Reputation: 483
I have an interesting problem that I need help with. I am currently working on a feature of my program and stumbled into this issues
I have a huge list of street names in Indonesia ( > 100k rows ) stored in database, Each street name may have more than 1 word. For example : "Sudirman", "Gatot Subroto", or "Jalan Asia Afrika" are all legit street names
have a bunch of texts ( > 1 Million rows ) in databases, that I split into sentences. Now, the features ( function to be exact ) that I need to do , is to test whether there are street names inside the sentences or no, so just a true / false test
I have tried to solve it by doing these steps:
a. Putting the street names into a Key,Value Hash
b. Split each sentences into words
c. Test whether words are in the hash
This is fast, but will not work with multiple words
Another alternatives that I thought of is to do these steps:
a. Split each sentences into words
b. Query the database with LIKE statement ( i,e. SELECT #### FROM street_table WHERE name like '%word%' )
c. If query returned a row, it means that the sentence contains street names
Now, this solution is going to be a very IO intensive.

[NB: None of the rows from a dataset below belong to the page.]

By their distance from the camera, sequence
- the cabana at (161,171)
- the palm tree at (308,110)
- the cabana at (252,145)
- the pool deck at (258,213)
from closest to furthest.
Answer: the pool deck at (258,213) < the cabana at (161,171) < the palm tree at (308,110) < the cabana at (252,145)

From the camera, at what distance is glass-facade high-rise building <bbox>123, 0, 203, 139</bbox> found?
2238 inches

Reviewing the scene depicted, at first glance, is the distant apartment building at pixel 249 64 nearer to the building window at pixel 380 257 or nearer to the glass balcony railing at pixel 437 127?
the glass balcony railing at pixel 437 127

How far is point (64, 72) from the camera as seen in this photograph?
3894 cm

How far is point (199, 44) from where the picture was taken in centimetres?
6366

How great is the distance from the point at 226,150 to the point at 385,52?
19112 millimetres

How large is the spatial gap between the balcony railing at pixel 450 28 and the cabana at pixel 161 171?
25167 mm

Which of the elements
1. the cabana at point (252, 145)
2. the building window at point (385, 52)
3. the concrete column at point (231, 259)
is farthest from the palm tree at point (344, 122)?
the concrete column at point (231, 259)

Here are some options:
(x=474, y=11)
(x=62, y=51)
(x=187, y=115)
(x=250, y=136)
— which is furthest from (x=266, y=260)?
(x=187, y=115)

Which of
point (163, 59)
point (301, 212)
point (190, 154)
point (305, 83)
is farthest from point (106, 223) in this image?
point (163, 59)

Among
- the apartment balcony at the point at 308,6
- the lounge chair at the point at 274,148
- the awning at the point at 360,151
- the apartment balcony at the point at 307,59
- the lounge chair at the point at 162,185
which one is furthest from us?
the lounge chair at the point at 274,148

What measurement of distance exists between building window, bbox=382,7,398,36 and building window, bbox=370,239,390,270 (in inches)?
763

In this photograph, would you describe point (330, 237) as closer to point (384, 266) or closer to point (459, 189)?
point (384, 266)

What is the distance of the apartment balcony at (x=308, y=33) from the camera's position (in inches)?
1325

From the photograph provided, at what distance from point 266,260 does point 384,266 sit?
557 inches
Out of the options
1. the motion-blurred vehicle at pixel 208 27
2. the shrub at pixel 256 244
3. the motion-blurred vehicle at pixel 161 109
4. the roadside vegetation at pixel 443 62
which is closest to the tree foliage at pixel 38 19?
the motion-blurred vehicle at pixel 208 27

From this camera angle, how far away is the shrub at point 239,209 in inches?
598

So my question is "What is the most efficient way to do this test" ? regardless of the programming language. I do this in python mainly, but any language will do as long as I can grasp the concepts
============EDIT 1 =================
Will this be periodical ?
Yes, I will call this feature / function with an interval of 1 minute. Each call will take 100 row of texts at least and test them against the street name database
Upvotes: 1
Views: 426
Reputation: 116
The Aho-Corasick algorithm could be pretty useful. One of it's advantages is that it's run time is independent of how many words you are searching for (only how long the text is you are searching through). It will be especially useful if your list of street names is not changing frequently.

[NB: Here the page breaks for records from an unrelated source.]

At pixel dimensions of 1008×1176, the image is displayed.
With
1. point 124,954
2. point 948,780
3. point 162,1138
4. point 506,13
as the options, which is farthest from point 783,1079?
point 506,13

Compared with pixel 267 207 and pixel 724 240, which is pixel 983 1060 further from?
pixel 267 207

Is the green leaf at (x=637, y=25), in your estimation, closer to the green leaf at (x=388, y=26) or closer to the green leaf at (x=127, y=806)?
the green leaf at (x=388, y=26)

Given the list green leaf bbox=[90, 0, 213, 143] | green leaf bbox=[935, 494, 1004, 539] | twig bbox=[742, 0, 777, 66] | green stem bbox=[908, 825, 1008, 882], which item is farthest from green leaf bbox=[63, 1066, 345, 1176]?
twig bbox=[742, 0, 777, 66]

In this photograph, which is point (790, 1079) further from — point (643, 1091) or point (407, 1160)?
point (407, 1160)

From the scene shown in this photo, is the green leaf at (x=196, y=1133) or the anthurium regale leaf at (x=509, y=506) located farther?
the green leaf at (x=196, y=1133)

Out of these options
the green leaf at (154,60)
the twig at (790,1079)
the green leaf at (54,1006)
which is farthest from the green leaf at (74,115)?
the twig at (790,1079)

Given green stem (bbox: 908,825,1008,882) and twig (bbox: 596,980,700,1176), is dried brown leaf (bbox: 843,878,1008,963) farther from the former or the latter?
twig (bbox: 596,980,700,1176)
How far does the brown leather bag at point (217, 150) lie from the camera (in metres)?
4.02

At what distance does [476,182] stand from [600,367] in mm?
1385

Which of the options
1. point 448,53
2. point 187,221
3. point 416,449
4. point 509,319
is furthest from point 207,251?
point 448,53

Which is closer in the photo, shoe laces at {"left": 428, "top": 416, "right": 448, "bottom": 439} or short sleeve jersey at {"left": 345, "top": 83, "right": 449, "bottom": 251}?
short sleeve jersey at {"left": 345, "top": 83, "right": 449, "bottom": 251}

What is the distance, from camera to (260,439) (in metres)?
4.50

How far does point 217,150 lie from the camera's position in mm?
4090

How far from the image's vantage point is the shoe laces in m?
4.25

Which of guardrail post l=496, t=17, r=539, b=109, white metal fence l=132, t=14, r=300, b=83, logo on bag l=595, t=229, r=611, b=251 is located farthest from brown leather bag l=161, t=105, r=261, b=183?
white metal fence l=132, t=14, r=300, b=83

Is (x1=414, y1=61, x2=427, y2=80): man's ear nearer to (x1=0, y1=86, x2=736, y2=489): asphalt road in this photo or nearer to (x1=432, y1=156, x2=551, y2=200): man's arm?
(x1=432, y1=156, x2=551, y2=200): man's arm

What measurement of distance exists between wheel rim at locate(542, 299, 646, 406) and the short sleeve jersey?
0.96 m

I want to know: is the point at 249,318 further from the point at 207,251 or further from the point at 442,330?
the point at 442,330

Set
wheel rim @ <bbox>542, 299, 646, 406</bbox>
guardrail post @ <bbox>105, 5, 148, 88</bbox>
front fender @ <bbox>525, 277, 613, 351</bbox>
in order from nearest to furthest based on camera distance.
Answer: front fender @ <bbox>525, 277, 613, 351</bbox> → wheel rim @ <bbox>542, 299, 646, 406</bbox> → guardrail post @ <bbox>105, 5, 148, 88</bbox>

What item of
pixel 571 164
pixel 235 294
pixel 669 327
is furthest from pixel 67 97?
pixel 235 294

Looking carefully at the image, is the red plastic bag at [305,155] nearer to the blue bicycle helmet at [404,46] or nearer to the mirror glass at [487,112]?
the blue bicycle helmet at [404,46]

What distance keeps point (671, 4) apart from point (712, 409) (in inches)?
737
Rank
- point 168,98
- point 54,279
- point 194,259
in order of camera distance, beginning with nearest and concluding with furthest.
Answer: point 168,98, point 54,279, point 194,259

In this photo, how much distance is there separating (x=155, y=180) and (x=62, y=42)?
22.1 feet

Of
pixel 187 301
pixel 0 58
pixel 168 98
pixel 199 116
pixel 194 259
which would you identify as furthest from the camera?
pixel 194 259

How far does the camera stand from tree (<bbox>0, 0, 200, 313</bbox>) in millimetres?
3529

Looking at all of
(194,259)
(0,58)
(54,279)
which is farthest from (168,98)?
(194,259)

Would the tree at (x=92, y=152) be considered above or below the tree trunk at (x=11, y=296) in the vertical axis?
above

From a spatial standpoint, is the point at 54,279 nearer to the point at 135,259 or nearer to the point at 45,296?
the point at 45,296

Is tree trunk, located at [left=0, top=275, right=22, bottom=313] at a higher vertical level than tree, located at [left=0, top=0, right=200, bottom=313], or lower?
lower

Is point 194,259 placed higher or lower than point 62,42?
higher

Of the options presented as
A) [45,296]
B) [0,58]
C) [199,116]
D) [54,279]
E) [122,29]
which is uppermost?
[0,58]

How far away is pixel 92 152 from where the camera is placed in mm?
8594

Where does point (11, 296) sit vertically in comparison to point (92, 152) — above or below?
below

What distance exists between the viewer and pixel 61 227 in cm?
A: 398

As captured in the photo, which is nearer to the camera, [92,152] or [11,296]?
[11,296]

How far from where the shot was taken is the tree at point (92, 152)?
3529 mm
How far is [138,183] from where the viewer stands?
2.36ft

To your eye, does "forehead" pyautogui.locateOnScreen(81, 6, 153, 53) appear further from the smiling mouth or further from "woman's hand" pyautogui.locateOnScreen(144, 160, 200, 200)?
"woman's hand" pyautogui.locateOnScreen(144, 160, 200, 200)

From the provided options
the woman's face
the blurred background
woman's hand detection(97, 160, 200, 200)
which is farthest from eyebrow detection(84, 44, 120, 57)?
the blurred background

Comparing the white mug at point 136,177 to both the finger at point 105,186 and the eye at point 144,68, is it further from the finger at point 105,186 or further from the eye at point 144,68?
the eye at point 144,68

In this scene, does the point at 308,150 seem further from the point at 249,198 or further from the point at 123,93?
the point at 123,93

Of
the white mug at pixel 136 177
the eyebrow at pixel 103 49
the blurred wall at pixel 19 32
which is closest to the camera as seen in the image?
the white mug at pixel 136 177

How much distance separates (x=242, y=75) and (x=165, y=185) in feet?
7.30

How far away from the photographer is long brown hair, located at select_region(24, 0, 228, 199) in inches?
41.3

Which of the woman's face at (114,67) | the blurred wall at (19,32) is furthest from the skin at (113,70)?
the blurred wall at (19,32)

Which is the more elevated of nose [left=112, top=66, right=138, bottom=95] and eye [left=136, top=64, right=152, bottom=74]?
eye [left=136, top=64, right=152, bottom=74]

http://en.wikipedia.org/wiki/Aho%E2%80%93Corasick_string_matching_algorithm
Upvotes: 0
Reputation: 18552
A simple solution would be to create a dictionary/multimap with first-word-of-street-name=>full-street-name(s). When you iterate each word in your sentence you'll look up potential street names, and check if you have a match (by looking at the next words).

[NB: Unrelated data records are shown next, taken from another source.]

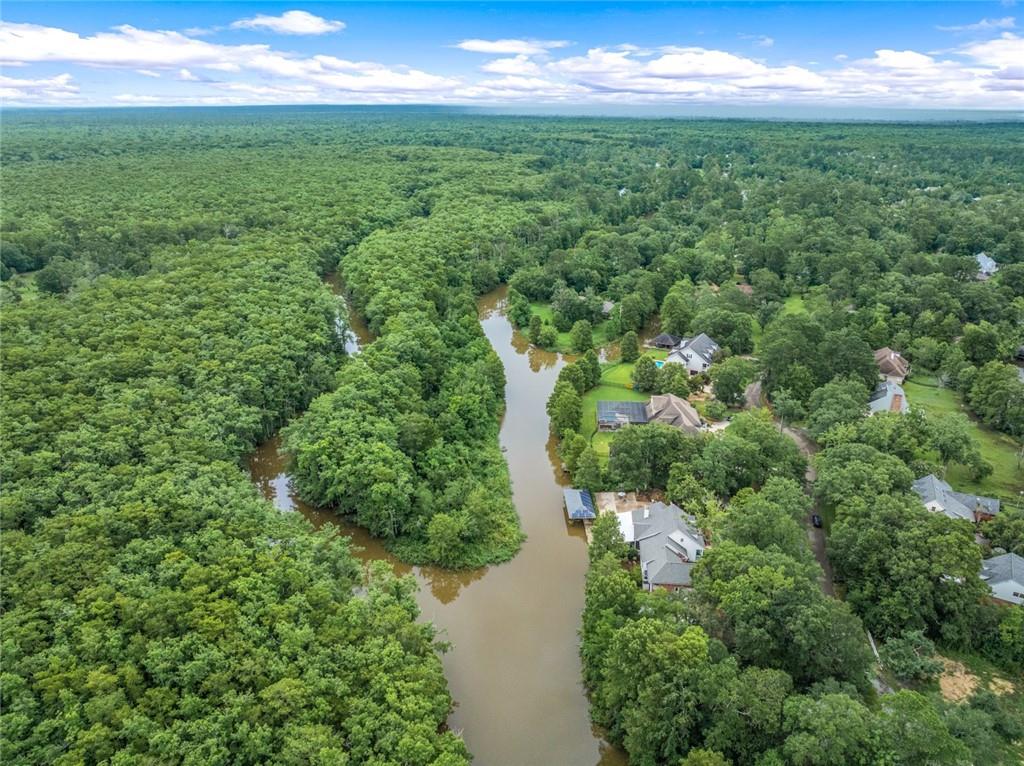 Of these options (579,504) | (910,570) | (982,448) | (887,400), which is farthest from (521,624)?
(982,448)

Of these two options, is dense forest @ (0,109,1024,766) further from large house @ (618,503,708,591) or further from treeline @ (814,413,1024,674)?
large house @ (618,503,708,591)

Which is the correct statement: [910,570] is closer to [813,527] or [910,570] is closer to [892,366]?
[813,527]

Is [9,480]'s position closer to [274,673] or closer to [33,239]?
[274,673]

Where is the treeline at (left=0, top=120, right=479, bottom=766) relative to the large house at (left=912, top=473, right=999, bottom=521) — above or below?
above

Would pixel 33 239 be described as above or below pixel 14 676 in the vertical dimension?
above

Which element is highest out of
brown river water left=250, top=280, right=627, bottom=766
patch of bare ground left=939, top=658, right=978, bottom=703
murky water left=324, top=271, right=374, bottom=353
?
murky water left=324, top=271, right=374, bottom=353

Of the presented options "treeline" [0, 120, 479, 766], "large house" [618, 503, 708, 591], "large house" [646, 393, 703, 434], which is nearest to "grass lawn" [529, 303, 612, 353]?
"large house" [646, 393, 703, 434]

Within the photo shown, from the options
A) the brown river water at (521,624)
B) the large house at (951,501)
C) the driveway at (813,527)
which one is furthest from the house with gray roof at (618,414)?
the large house at (951,501)

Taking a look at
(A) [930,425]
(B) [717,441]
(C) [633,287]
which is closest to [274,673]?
(B) [717,441] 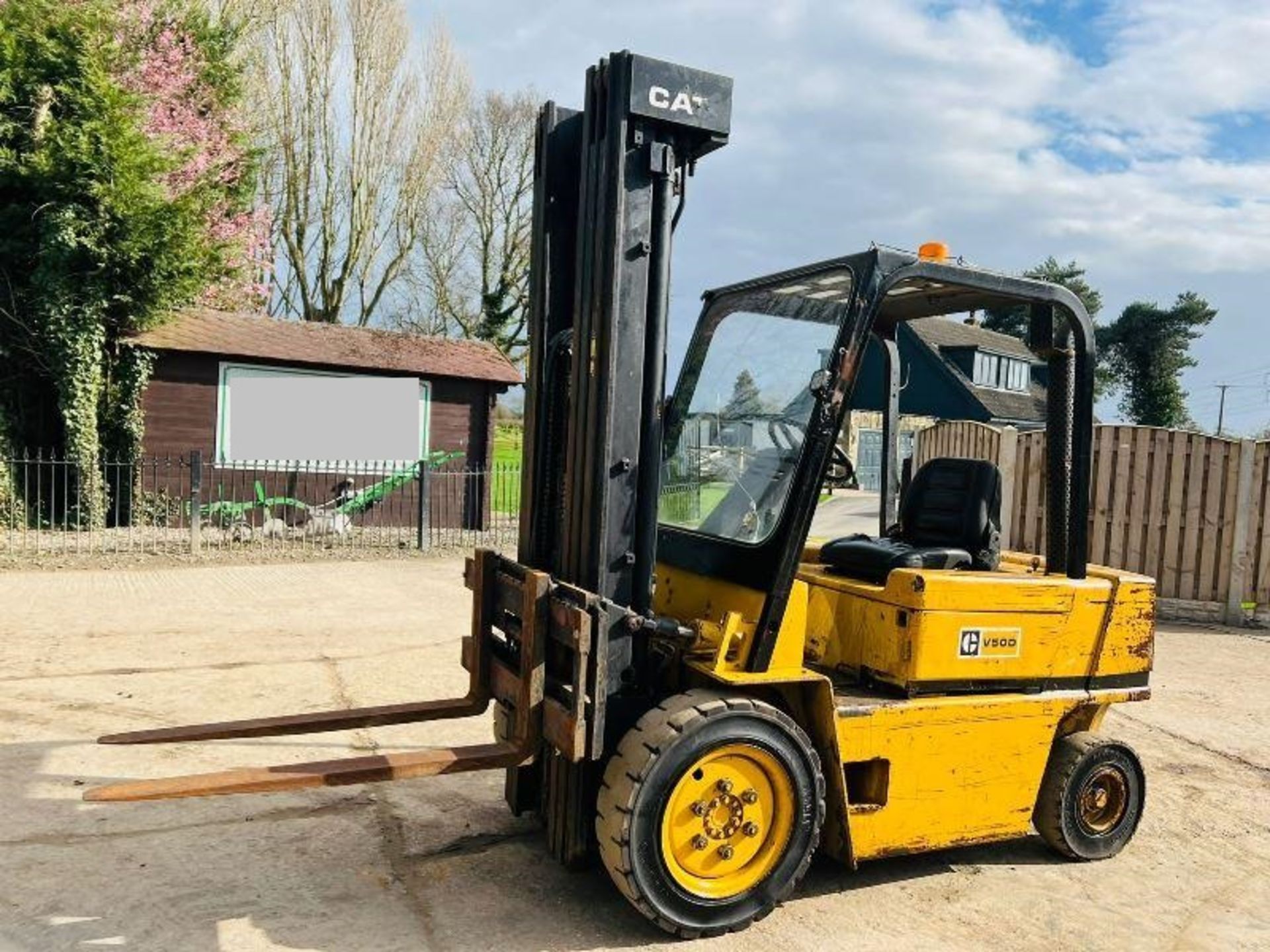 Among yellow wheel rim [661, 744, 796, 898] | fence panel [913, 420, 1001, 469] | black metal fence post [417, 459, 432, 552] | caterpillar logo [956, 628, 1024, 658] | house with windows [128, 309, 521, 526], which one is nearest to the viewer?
yellow wheel rim [661, 744, 796, 898]

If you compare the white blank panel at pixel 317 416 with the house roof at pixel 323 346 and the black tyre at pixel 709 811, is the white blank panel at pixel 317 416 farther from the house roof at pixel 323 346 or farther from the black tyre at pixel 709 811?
the black tyre at pixel 709 811

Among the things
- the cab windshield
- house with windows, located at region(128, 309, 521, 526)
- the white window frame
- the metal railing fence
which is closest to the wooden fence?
the cab windshield

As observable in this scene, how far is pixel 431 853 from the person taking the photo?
14.6 feet

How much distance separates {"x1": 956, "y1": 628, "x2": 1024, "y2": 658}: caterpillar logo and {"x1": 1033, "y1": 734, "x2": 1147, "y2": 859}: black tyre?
27.3 inches

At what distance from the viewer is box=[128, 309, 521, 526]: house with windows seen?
54.2 feet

This algorithm should be fairly easy to implement and should perform pretty good too.
Upvotes: 2
Reputation: 620
Using nlp, you can determine the proper noun in a sentence. Please refer to the link below.
http://nlp.stanford.edu/software/lex-parser.shtml
The standford parser is accurate in its calculation. Once you have the proper noun, you can decide the approach to follow.
Upvotes: 1
Reputation: 8182
So you have a document and want to seach if it contains any of your list of streetnames?
Turbo Boyer-Moore is a good starting point for doing that.
Here is more information on turbo boyer moore
But, i strongly believe, you will have to do something about the organisation of your list of street names. there should be some bucket access to it, i.e. you can easily filter for street names:
Here an example: Street name: Asia-Pacific-street
You can access your list by: A (getting a starting point for all that start with an A) AS (getting a starting point for all that start with an AS)
and so on...
I believe you should have lots of buckets for that, at least 26 (first letter) * 26 (second letter)
more information about bucketing
Upvotes: 0